James 3:7-8– “no human being can tame the tongue,” although every kind of animal (beast and bird, creeping things, and sea creatures) “can be tamed or has been tamed by mankind.” The point is this: while man is able to restrain beasts and every kind of creature, he is powerless to keep his own tongue under control. The tongue “is a restless evil, full of deadly poison.” To put simply, the sinful nature of man makes his tongue impossible to restrain. The tongue bears or brings death. It is deadly!

James 3:9-10– “From the same tongue come blessing and cursing.” Note the inconsistency and hypocrisy—with our tongue, “we bless our Lord” and with it “we curse people who are made in the likeness of God.” See Gen 1:26-27. How can we curse people when to do so would clearly be an insult to the One in whose image man has been created?

James 3:11-12– “Does a spring pour forth from the same opening both fresh and saltwater? Recall Exodus 15 where we are told about the bitter water that was made sweet. It was ALL bitter when it was bitter; and, when made sweet, it was ALL sweet. There ought not to be hypocrisy in the believer. In fact, even those who hold themselves out as prophets but are only mere pretenders are ones “you will recognize… by their fruit” as “false prophets.” (See Matt.7:15-20). “No good tree bears bad fruit, nor again does a bad tree bear good fruit, for each tree is known by its own fruit” (See Luke 6:43-44).

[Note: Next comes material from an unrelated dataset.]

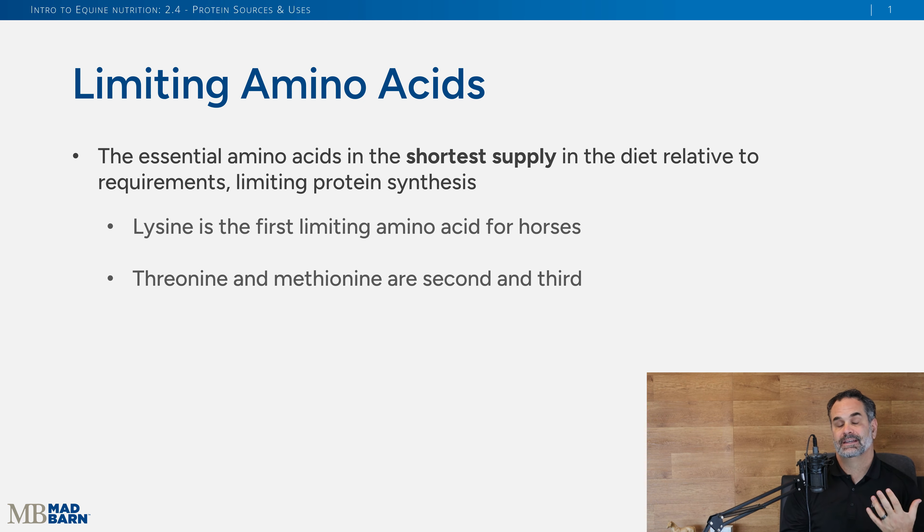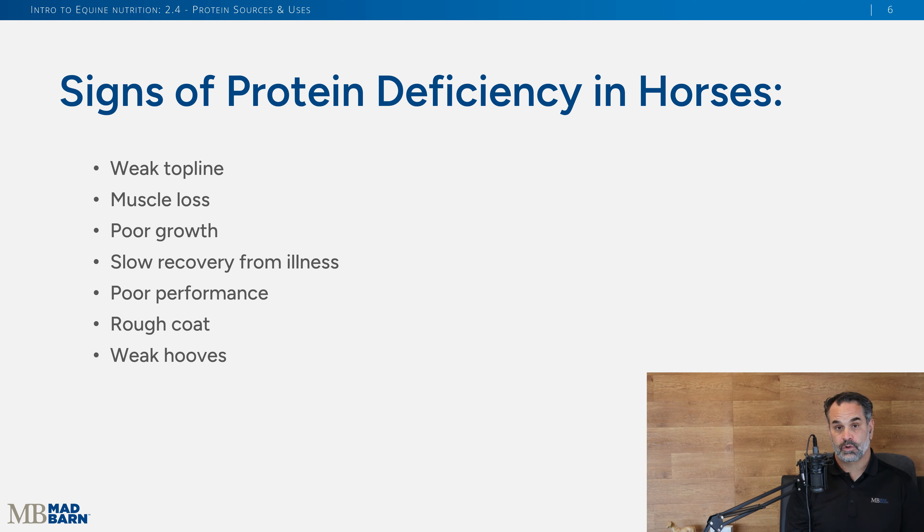Lysine is always the most important, and we call it the first limiting amino acid — meaning the horse can't thrive if it has really low levels of lysine. You'll hear this again, not only in this course but in future courses. Anytime you talk about proteins and amino acids, lysine is the first one that comes up when there is a protein deficiency in your horse.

On a lighter note, consider this simple story about the attempt of a monk to control his tongue: Having entered the monastery, he took a vow of silence, committing to speaking only two words each year. On the first year, he went to his supervising monk to say his two words—“bed hard.” On the second year, his two words were, “food cold.” On the third year, he said, “I quit!” To this declaration, the supervising monk replied, “You might as well. All you’ve done is complain!”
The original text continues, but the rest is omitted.